Laure Prouvost has won the Turner Prize 2013. Accepting the £25,000 award from actress Saoirse Ronan at the former military barracks in Derry-Londonderry which is hosting this year’s prize as part of its UK City of Culture celebrations, Prouvost was clearly overwhelmed by the announcement. She said: “I didn’t expect it at all – I was sure it would not be me. I feel totally adopted now by the UK.”

Prouvost, who was born in Lille, France and now lives and works in London, was nominated for her multimedia installation Wantee, which formed part of the exhibition Schwitters in Britain at Tate Britain, along with her two-part installation for the Max Mara Art Prize for Women, Farfromwords. For the Turner Prize exhibition, she re-presented Wantee, which takes the form of a video displayed in a cluttered, dark room based on the house of the artist’s (fictional) grandfather. The work was co-commissioned by Grizedale Arts.

Reflecting on the work, Prouvost, who was accompanied on the prize podium by her two-month old daughter, added: “This was an incredible project – to be able create stories where fiction and reality get lost.

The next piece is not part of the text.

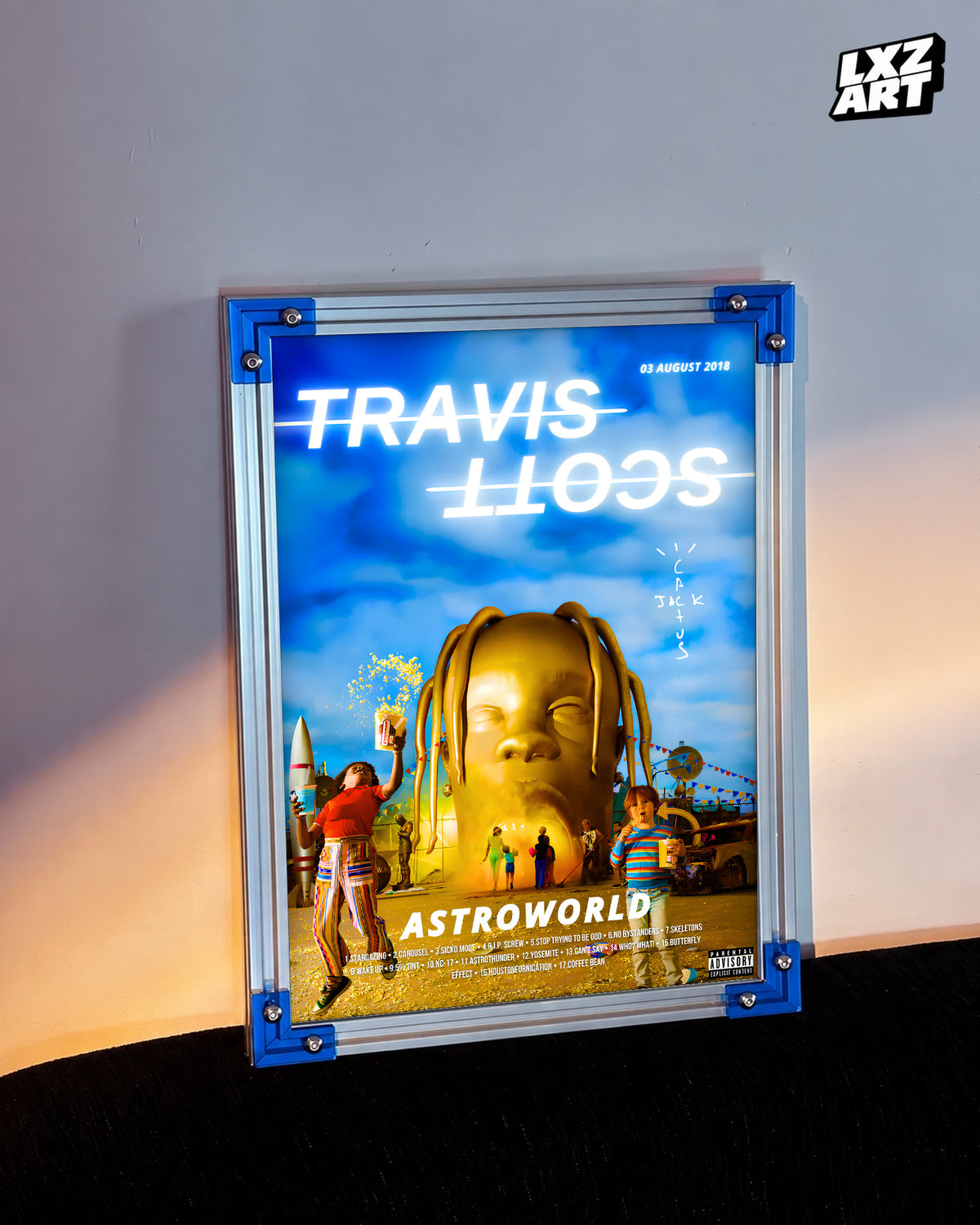 Travis Scott Astroworld Blue Poster | Unframed Hip Hop Wall Art — LXZART display 3; frame not included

And it’s wonderful that my grandfather is getting recognised now as a real artist.”

The jury for the 2013 Prize was: Penelope Curtis, Director of Tate Britain (Chair); Annie Fletcher, Head of Exhibitions, Van Abbemuseum, Eindhoven; Susanne Gaensheimer, Director of Frankfurt’s Museum of Modern Art; Declan Long, writer and lecturer at National College of Art and Design, Dublin; and Ralph Rugoff, Director of Hayward Gallery, London.

The Turner Prize is awarded annually to an artist under 50 living, working or born in Britain. Shortlisted artists Tino Sehgal, David Shrigley and Lynette Yiadom-Boakye each receives £5,000.

The Turner Prize continues at Ebrington, Derry-Londonderry until 5 January.